→ Task instructions
Extract the text of every entry below exactly; leave images out.

Image-text web data:
=== Begin Enclosure ===
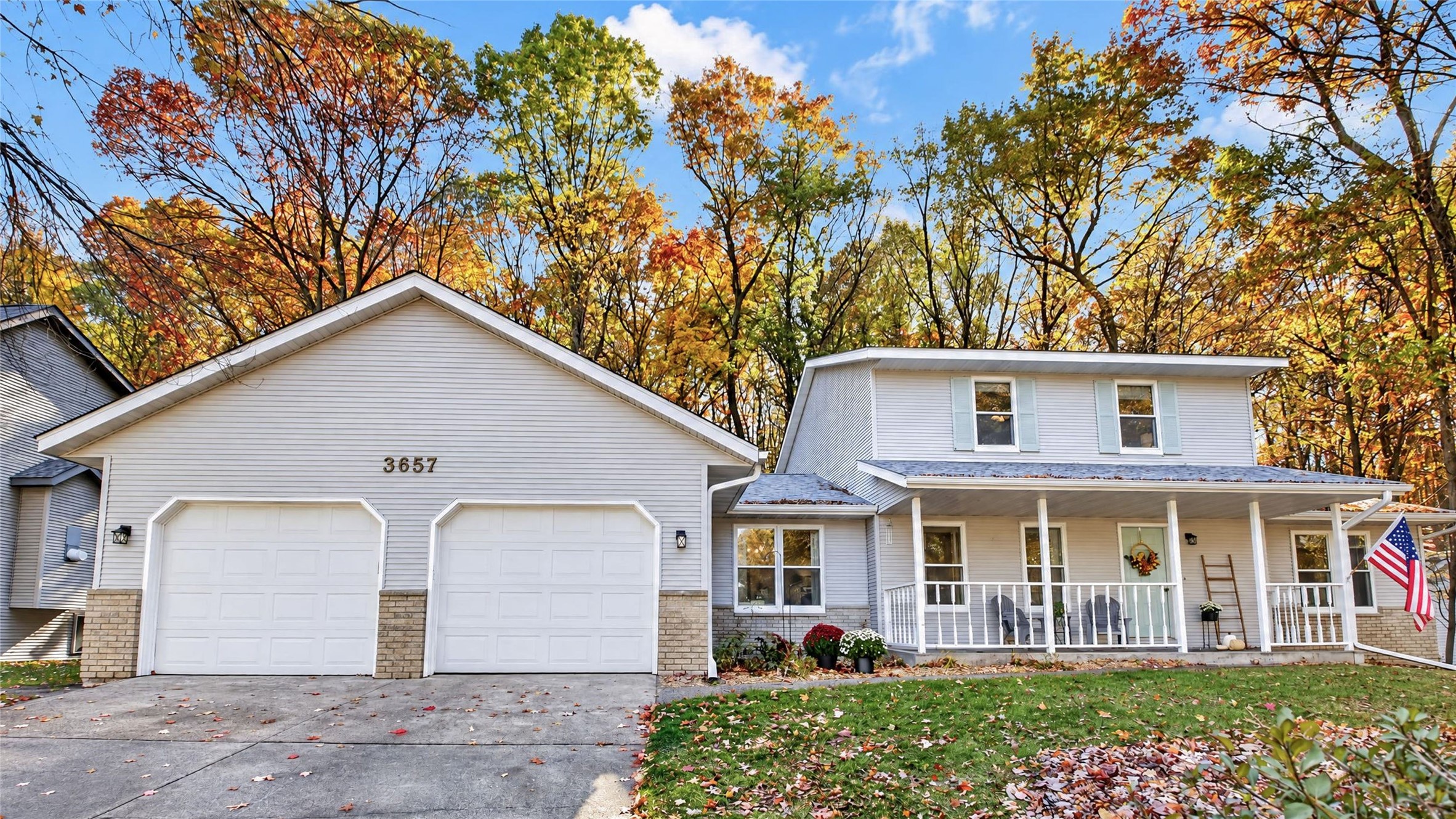 3657 Oak Hill Place Property Photo 1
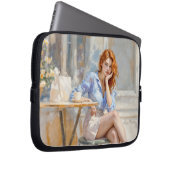 赤毛の美しいの女の子はカフェの柔らかい芸術に座って ラップトップスリーブ (正面右)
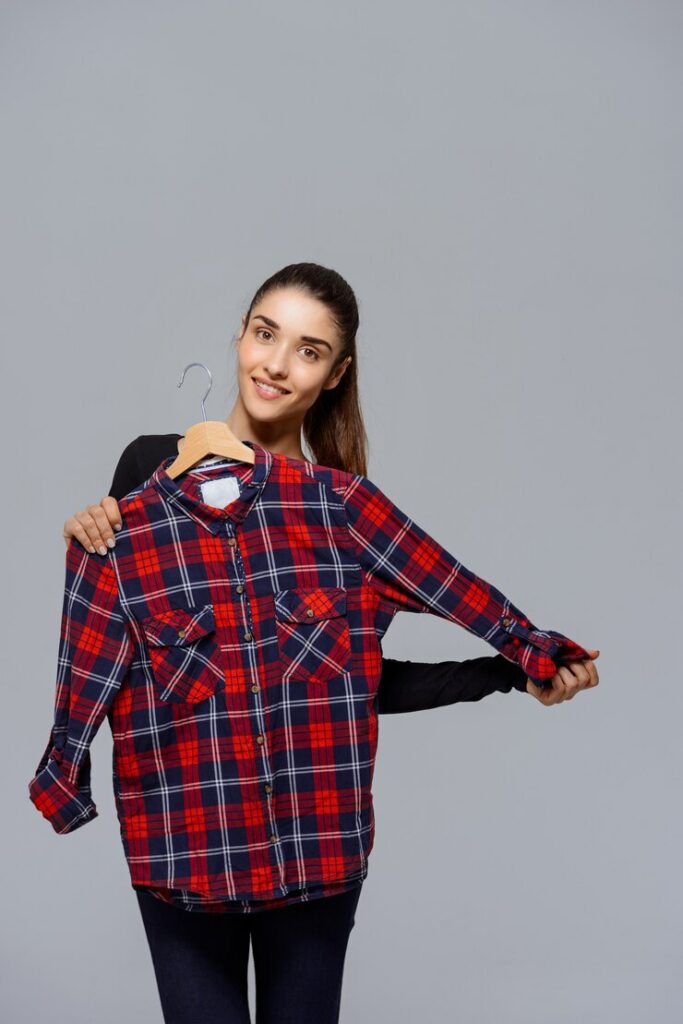 Chemise Fille en Tunisie : Comment Choisir le Modèle Parfait pour les Journées d’École ?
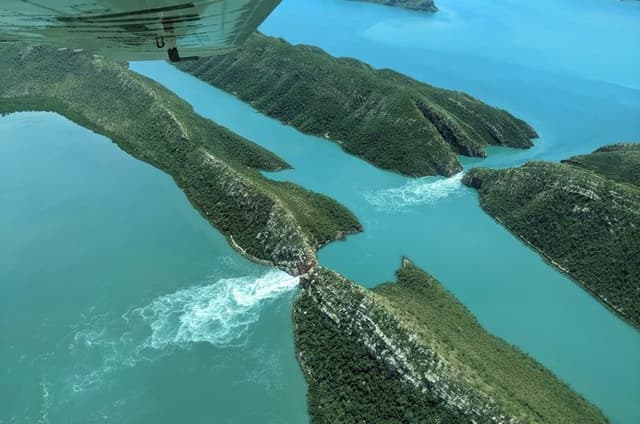 Incredible Island Tour Horizontal Falls and Cygnet Bay Pearl Farm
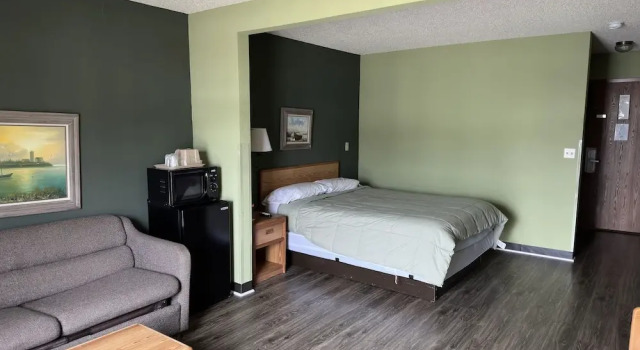 Номер Deluxe Harbor Lights Lodge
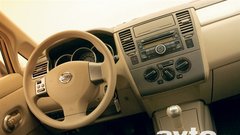 Nissan Tiida 1.6 16V (4 vrata)Visia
=== End Enclosure ===
→ Output of the exercise
 3657 Oak Hill Place Property Photo 1
 赤毛の美しいの女の子はカフェの柔らかい芸術に座って ラップトップスリーブ (正面右)
 Chemise Fille en Tunisie : Comment Choisir le Modèle Parfait pour les Journées d’École ?
 Incredible Island Tour Horizontal Falls and Cygnet Bay Pearl Farm
 Номер Deluxe Harbor Lights Lodge
 Nissan Tiida 1.6 16V (4 vrata)Visia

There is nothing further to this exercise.